United States of America, Arizona, Maricopa County, Phoenix
"Garden consists of five areas: (1) outer yard, (2) inner yard with lawn and swimming pool, (3) formal parterre with gazebo, topiary and flower beds, (4) informal Japanese Garden with pool, stepping stones, pagoda and shrubs, (5) shade/bonsai with display pedestals and benches for potted plants."
"In 1959, the house was designed by Frank Lloyd Wright associate Blaine Drake, who set it in a grove of mature orange and grapefruit trees."

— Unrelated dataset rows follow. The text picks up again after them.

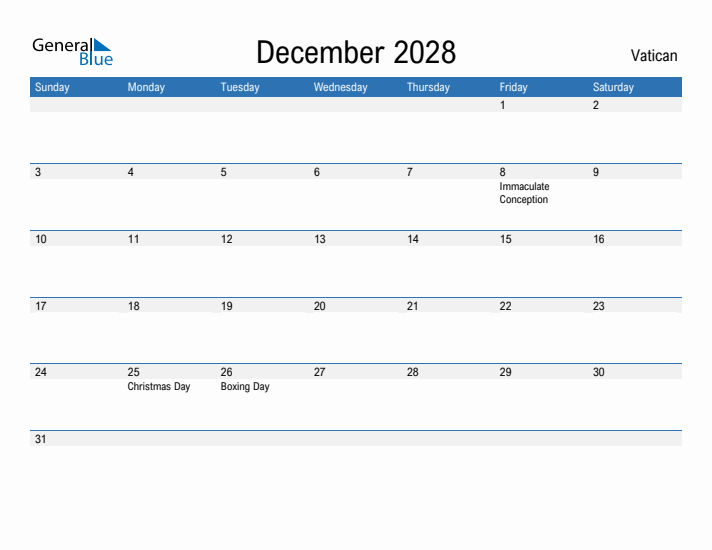 Fillable December 2028 Calendar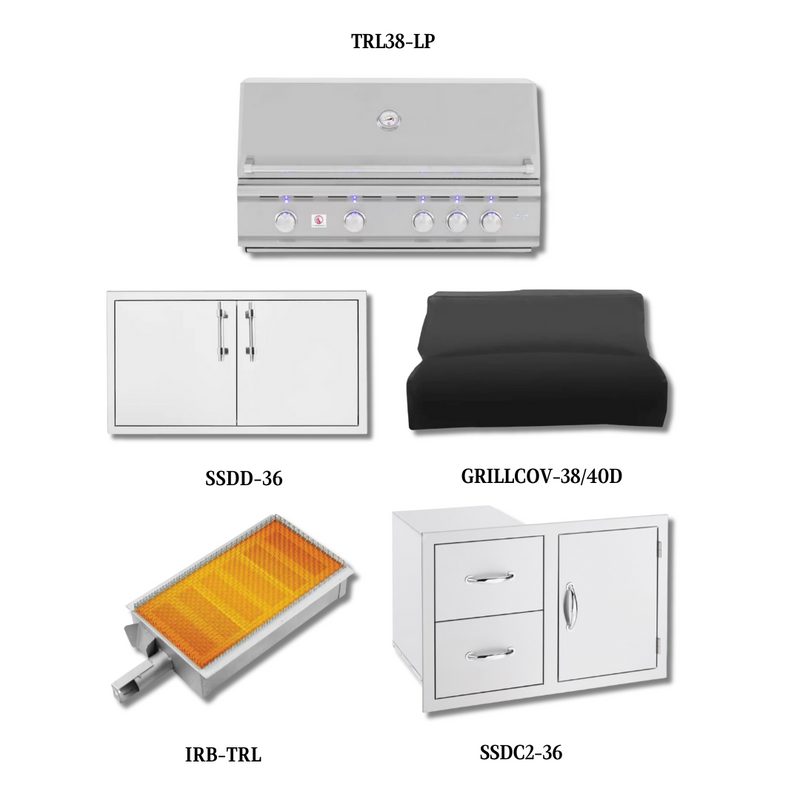 Summerset with TRL38-LP with Double Access Doors, Cover, Infrared Sear Burner and Access Door & Double Drawer Combo - TRL38-LP-PCKG2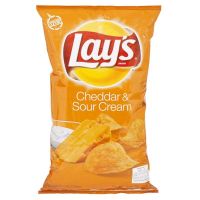 เลย์ มันฝรั่งทอดกรอบรสชีสเชดดาร์และซาวครีม Lays USA Cheddar &amp; Sour Cream Potato Chips 184.2g.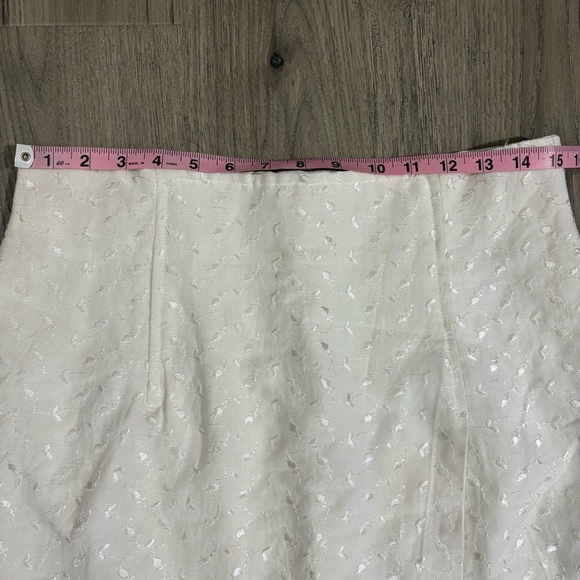 Vtg Cache White Linen Blend Embroidered Skirt Sz 12 Front Fold Slit Lined Preppy - Picture 5 of 9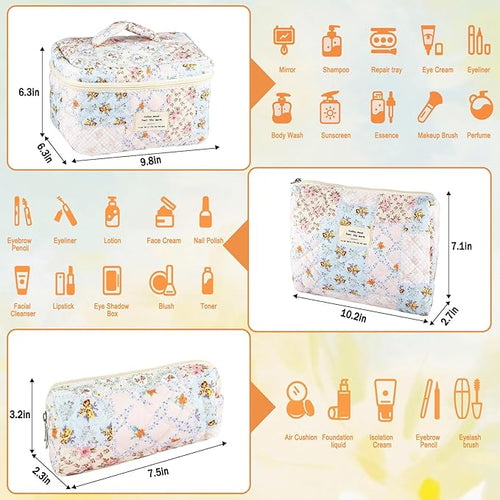 3Pcs Cotton Quilted Makeup Bag for Women Girls Large Small Travel Floral Cosmetic Bags Set Cute Coquette Makeup Pouch for Purse Aesthetic Cloth Bee&Flower Storage Toiletry Bag Organizer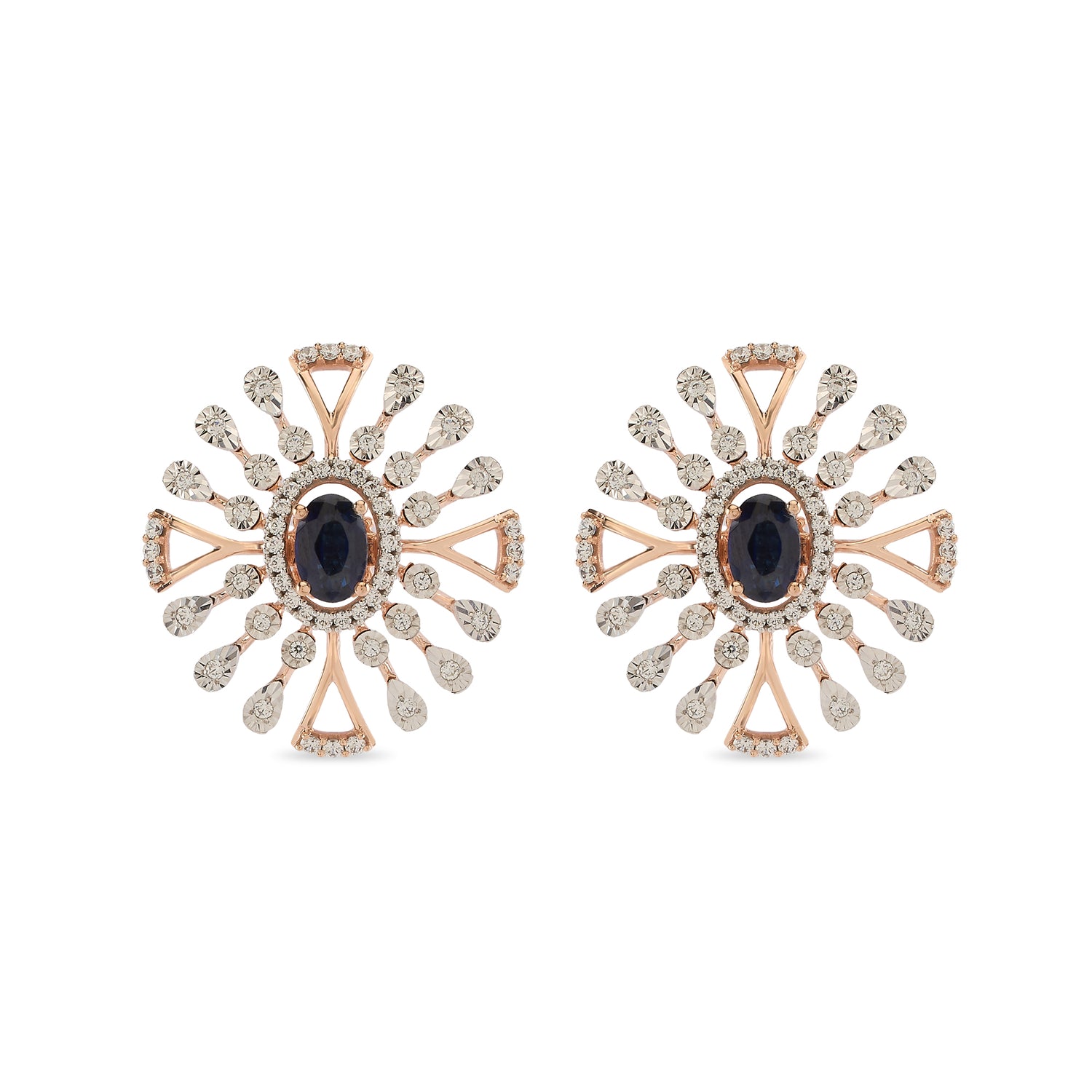 Interchangeable Radiant Sunburst Earrings with Intricate Detailing
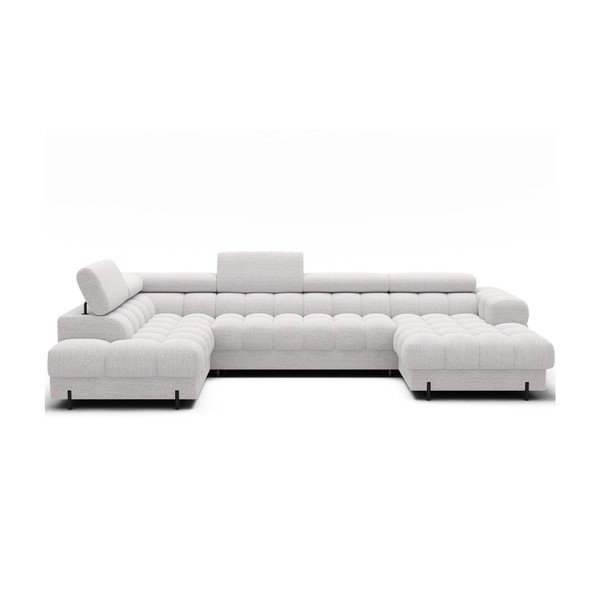 Kremowy rozkładany narożnik z materiału bouclé (lewostronny/w kształcie litery U) Feraria – ELTAP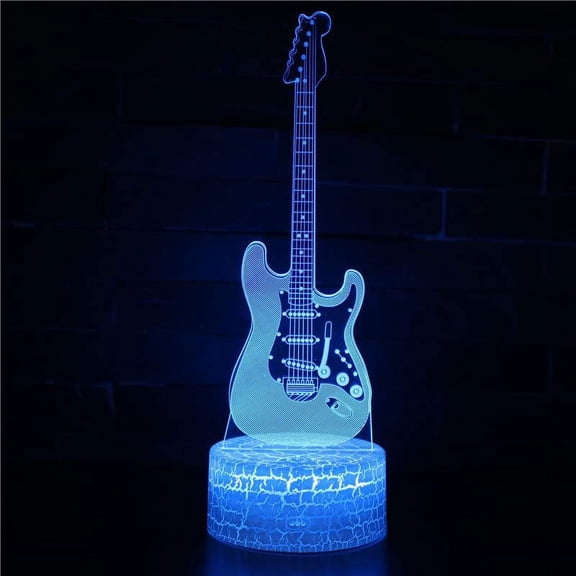 YSITIANNA Musical Instrument 3D Night Light LED Colorful 16-Color Remote Control Desk Lamp Light Control Night Light for Bedroom Lighting (Black Base 7Colors, Guitar-1) STNL#4849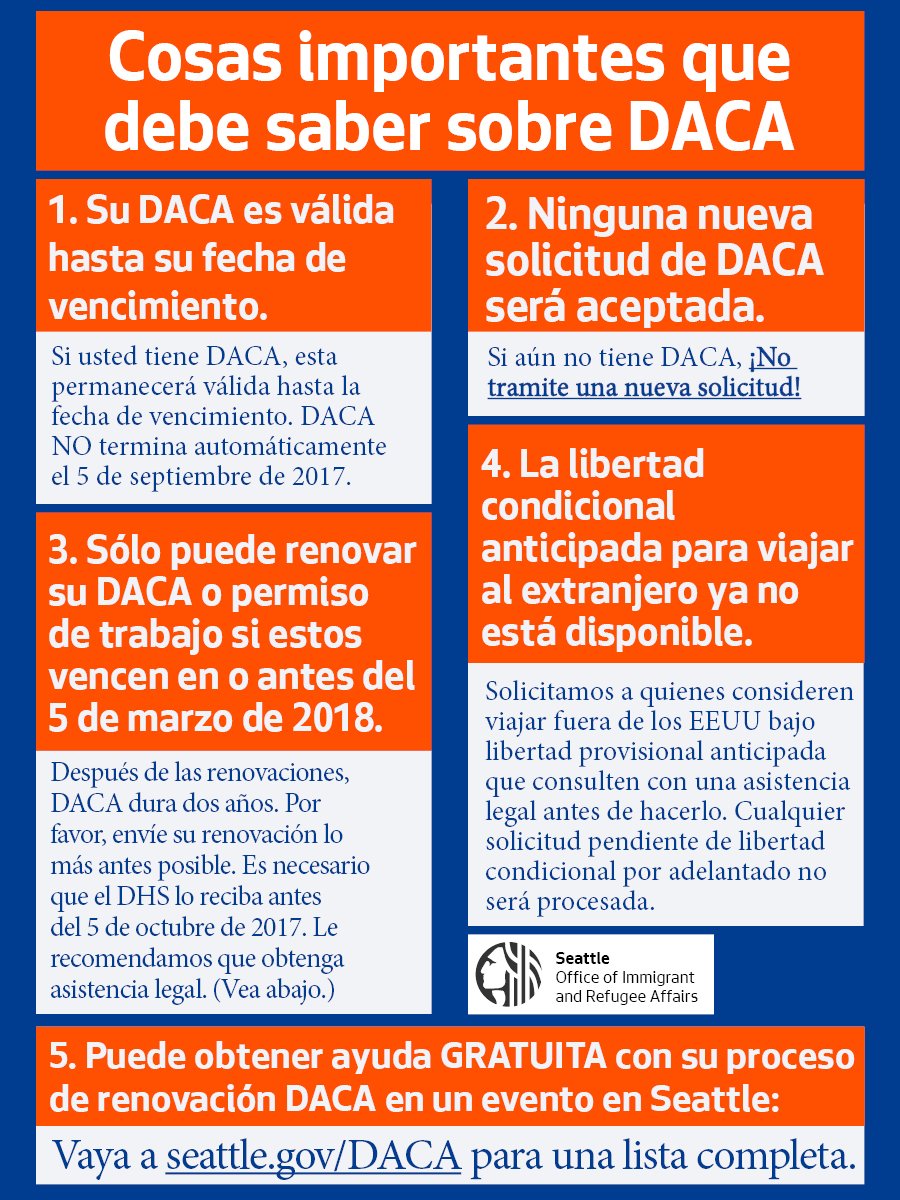 Seattle-area #DACA recipients: <a href="/IandRAffairs/">Seattle Office of Immigrant and Refugee Affairs</a> is offering a FREE legal assistance event on Sept. 24. #knowyourrights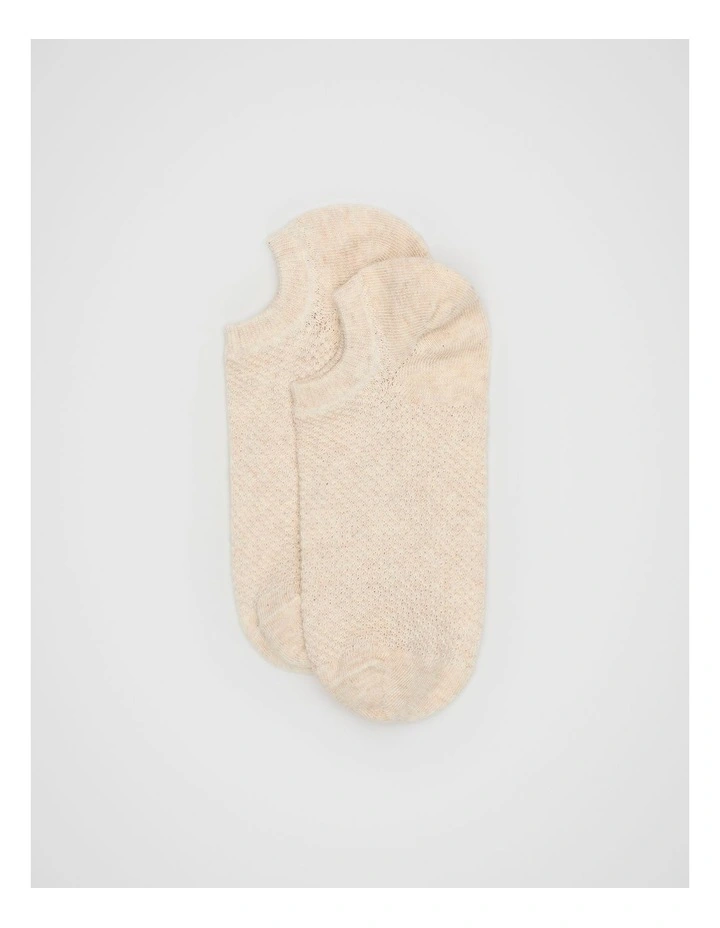 Mini Waffle Sneaker Sock in Beige Marle image 1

"Little thought, though, was given to maintenance or to coping with invasions of native weeds so, perhaps, inevitably, their efforts seemed unimpressive in contrast to the natural environment's awesome grandeur. That and a growing awareness that environmental conditions were not necessarily hostile led to experimentation with non-native plants. Chrysanthemum, it was discovered, grew as readily as the maize and cotton cultivated by Arizona's prehistoric peoples. A successful but boring initial scheme for growing chrysanthemums in straight rows was soon abandoned for a modest parterre that reflected plans of European gardens the gardeners admired. Neat geometric beds were disposed with studied formality between and arcaded gazebo backed by towering oleanders and a "wall" of privet with central niche establishing the axis of a composition held together further by paths of decomposed granite."
"A consequence of the original interest in chrysanthemums was the creation of a small Japanese-style garden with the geometrical symmetry of the parterre was replaced with informal, "natural" arrangements of shrubs and plants around a pool with raised stepping stones through plantings of spuria and Dutch iris, substitutes for Japanese iris unable to survive Arizona's climate. Another successful substitution has been the several varieties of creeping thyme that imitate carpets of moss in the garden of Kyoto. The garden is separated from the parterre by a high hedge, but the two are joined, not inappropriately, by a moongate formed by training privet to a circular frame."
Persons associated with the property include: Blaine Drake (architect in 1960); Gary Slater (sculptor in 1975).